Output the lines of the records below exactly, beginning at their first line and ending at the line with "ballet shoes shot"; include no pictures.

__________________________________________________

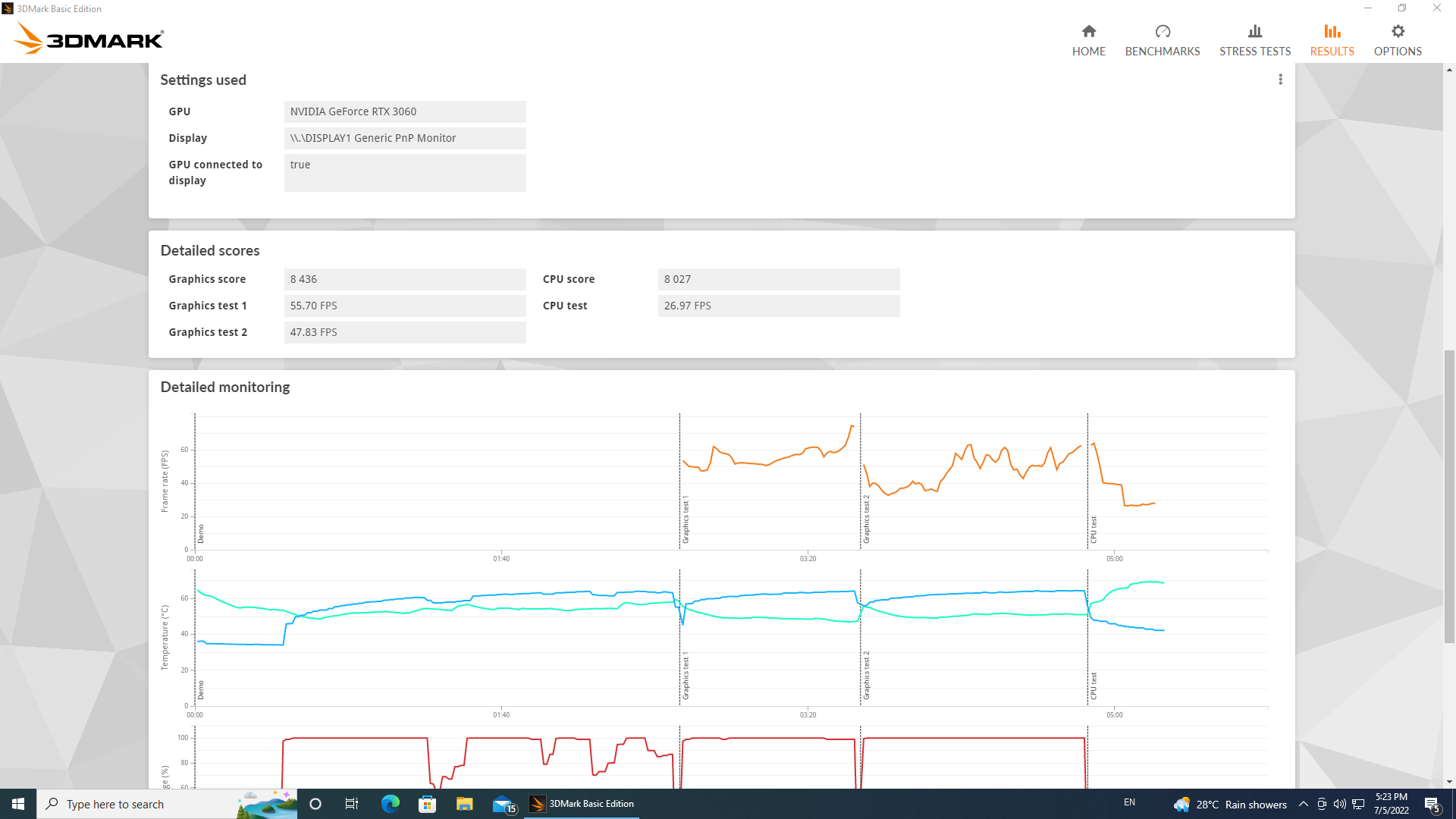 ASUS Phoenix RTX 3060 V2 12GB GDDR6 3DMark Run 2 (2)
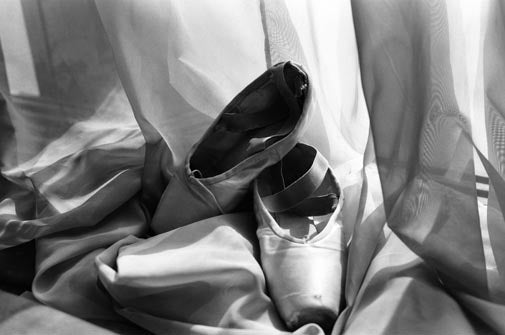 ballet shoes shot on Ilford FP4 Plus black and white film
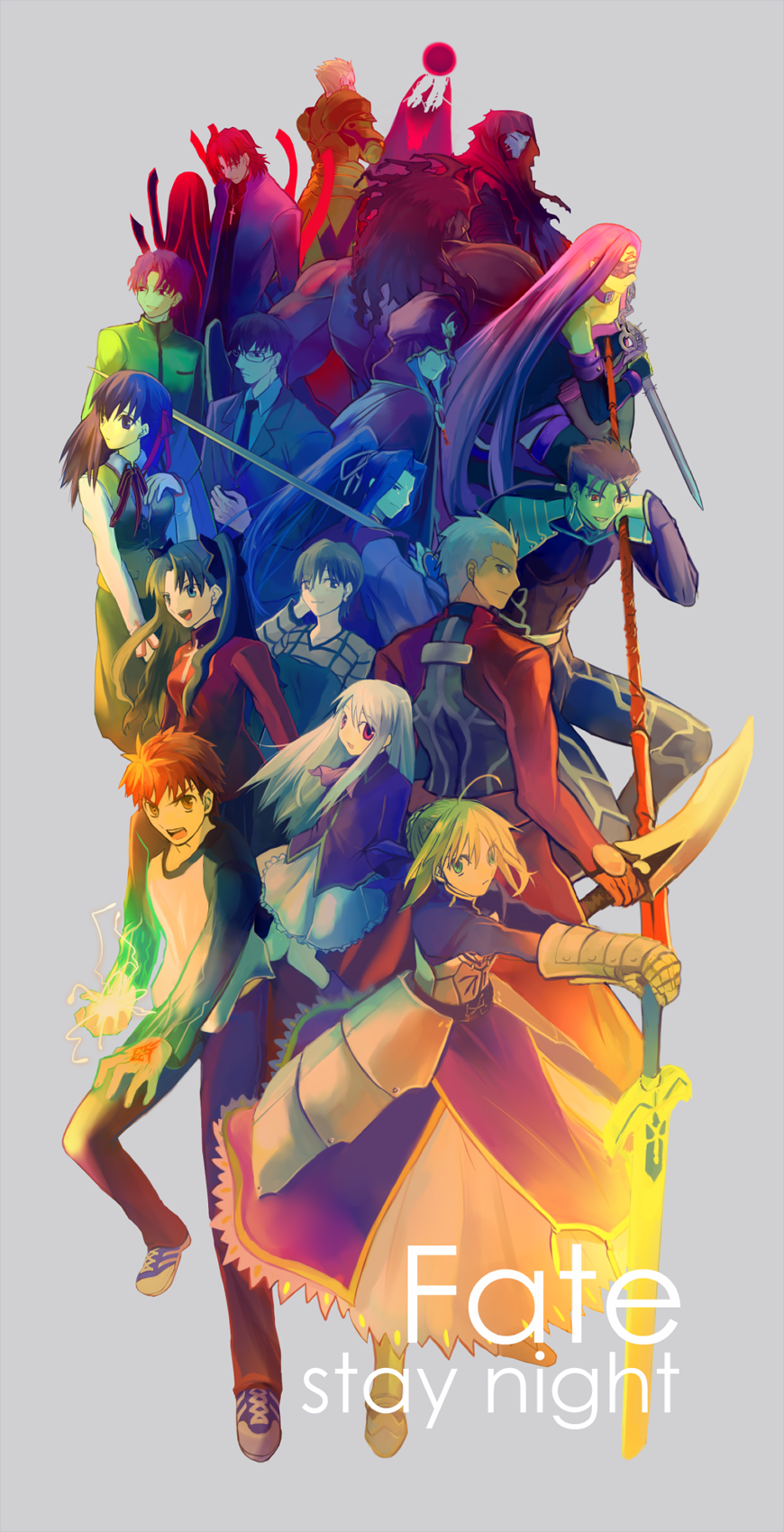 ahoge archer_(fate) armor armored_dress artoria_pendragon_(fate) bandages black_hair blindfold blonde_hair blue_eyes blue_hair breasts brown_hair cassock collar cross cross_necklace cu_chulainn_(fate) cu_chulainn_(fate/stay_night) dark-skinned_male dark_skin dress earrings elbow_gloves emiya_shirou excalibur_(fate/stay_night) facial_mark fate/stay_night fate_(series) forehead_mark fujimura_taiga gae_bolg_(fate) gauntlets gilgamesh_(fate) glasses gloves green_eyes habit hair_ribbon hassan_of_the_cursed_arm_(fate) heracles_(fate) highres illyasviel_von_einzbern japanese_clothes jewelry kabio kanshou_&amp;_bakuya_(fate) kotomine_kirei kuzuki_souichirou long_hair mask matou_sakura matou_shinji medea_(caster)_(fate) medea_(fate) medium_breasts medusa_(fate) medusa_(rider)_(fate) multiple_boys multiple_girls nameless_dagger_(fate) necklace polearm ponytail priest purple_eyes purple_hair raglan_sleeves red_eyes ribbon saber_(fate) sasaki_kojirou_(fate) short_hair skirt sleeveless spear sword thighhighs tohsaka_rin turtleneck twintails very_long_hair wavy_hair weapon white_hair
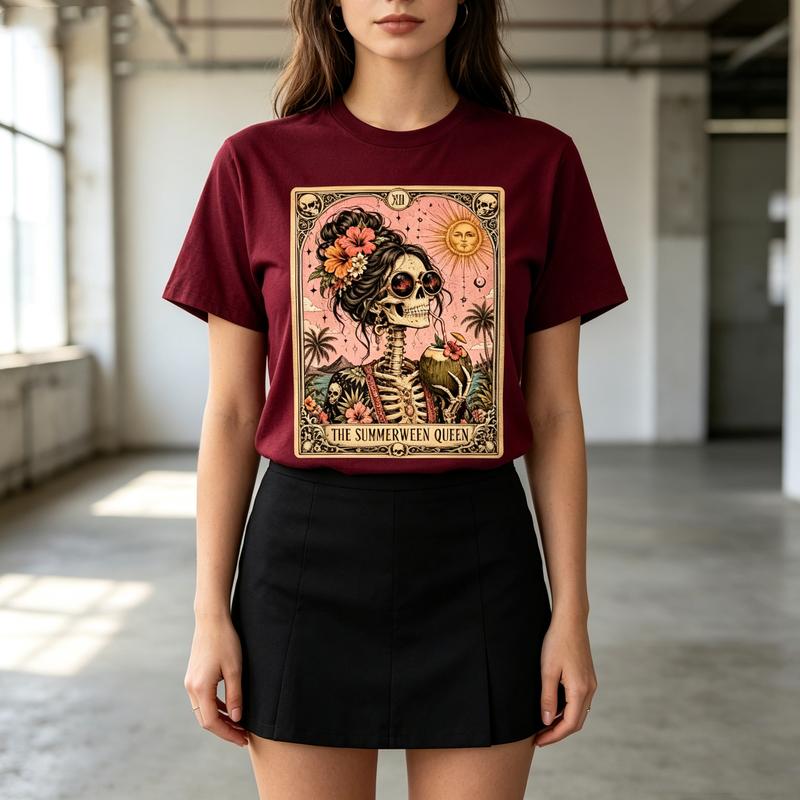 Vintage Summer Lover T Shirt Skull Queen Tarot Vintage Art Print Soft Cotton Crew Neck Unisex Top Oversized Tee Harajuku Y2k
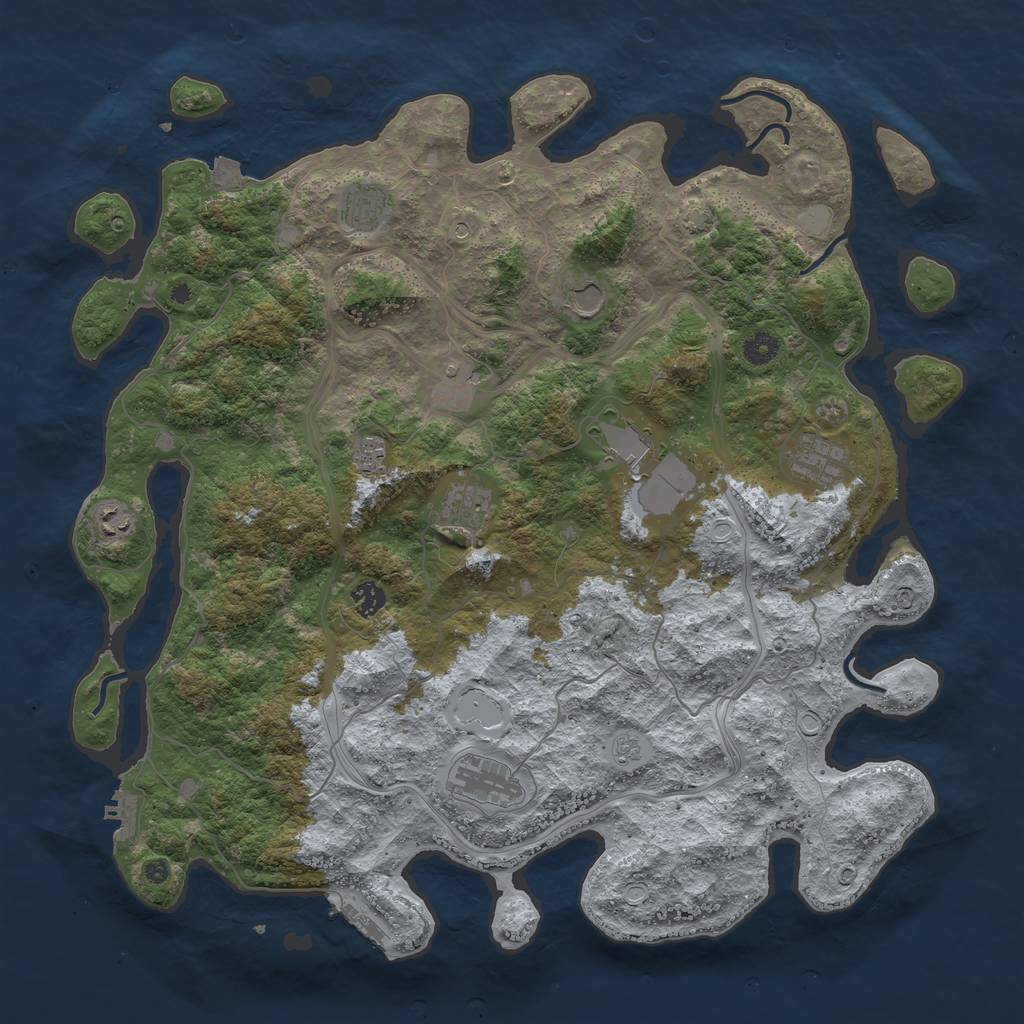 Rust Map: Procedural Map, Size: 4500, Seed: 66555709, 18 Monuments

__________________________________________________

• _SOLUTION BELOW_
 ASUS Phoenix RTX 3060 V2 12GB GDDR6 3DMark Run 2 (2)
 ballet shoes shot on Ilford FP4 Plus black and white film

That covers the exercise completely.